As for Ibn Arabi, he was a Sufi – a Muslim mystic – from mediaeval southern Spain who has significantly influenced my intellectual exploration. He theorised that while the knowledge of the essence of God, the absolute reality, is unknowable, His attributes can be contemplated through the cosmos and the human self, thus unifying the disciplines of Physics, Philosophy, and Theology into a triune body of knowledge for me.
Coming from the tiny island that is Mauritius, it was not an easy task to pursue my intellectual voyage. Mauritius is barely visible on Google Maps; to pinpoint it you travel due south of the Arabian peninsula, and due east of Madagascar, then as you zoom in it slowly emerges out of the blue depths of the Indian Ocean. I felt like a lonely speck in the great…
Carl Sagan:
enveloping cosmic dark.
Narrator:
Boaventura de Sousa Santos is a pioneering scholar of southern epistemologies – epistemology being the study of the ‘episteme’, meaning theory of knowledge. He points out how Eurocentric cartographies make certain false assumptions when navigating the globe; they do not do justice to the southern Hemisphere:
De Sousa Santos:
Cartography, you know, is a technique through which people draw maps. These maps, in fact, since modernity, have been fraudulent maps. Why? Because the north is not really the north; it’s the centre. Because the West is not really the West; it’s the centre. And therefore, the south is not really the south; it’s the periphery. And the east of course is not the east; it’s the periphery. And it is to these manipulations of locations of spaces that in a sense we managed to develop a cartography that miniaturises all the other possibilities coming from outside the West or from outside the north.
Narrator:
While the Mauritian population is mostly Hindu, as I belong to the minority Muslim community of around 200,000 people, I guess I’m miniaturised even more. But let’s not forget that Muslims are one fifth of the world’s population and Mauritian Muslims’ past French and British colonial history is engraved in our identity, our language, our culture.
Back to the 18th century: the French settled on Mauritius in 1710, importing slaves from Africa and artisans from India to develop the island. A century later, the British took over Mauritius and brought indentured labourers from India to work in the sugar cane fields – which explains why the bulk of the Mauritian population today are of Indian descent.
As a teenager in the 21st century, I led an average middle-class Muslim Mauritian life: I grew up speaking creole at home, watching Harry Potter in French, and studying in a British curriculum public high school. I enjoyed my pain au chocolat for breakfast and fasted during the month of Ramadan.

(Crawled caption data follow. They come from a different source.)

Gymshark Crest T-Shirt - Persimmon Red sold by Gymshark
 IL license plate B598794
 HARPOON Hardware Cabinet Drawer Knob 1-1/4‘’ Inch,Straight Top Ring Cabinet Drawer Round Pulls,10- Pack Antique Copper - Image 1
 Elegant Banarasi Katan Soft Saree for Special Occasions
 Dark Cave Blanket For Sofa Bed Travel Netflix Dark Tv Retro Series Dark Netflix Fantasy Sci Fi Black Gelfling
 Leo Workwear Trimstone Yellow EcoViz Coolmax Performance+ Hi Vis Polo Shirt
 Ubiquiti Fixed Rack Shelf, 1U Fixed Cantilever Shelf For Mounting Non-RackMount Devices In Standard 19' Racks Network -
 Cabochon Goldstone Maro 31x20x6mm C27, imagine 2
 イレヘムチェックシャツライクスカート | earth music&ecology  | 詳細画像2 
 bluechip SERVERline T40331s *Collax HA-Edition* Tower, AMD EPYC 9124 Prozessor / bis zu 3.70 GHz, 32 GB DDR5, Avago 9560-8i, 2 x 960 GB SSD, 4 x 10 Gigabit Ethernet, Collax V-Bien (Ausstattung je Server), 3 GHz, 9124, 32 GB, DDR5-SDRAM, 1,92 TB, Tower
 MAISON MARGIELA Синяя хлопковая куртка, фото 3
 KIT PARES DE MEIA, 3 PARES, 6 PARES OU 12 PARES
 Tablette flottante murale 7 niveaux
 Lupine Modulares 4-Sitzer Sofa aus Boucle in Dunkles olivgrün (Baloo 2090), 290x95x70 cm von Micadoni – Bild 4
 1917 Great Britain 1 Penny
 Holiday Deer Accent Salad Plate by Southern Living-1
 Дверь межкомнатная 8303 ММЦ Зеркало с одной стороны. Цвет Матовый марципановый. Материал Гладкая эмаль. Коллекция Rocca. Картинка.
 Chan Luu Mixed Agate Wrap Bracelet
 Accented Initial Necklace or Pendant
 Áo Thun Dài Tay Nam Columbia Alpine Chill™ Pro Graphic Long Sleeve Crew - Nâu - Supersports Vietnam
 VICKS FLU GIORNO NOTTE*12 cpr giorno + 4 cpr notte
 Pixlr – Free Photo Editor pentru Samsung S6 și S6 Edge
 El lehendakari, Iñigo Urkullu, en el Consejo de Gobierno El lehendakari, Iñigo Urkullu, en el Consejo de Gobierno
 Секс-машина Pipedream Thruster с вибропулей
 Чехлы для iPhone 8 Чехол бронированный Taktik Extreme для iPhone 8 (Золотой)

After I graduated high school in Mauritius, I set out for the United States where I completed my undergraduate studies at the University of Chicago with a major in Philosophy and minors in Physics and Islamic Studies.
Today, I look back at my intellectual journey, assessing my education in Mauritius and I ponder the many instances where certain knowledges were consciously or unconsciously being relegated to an inferior status or being eradicated outright.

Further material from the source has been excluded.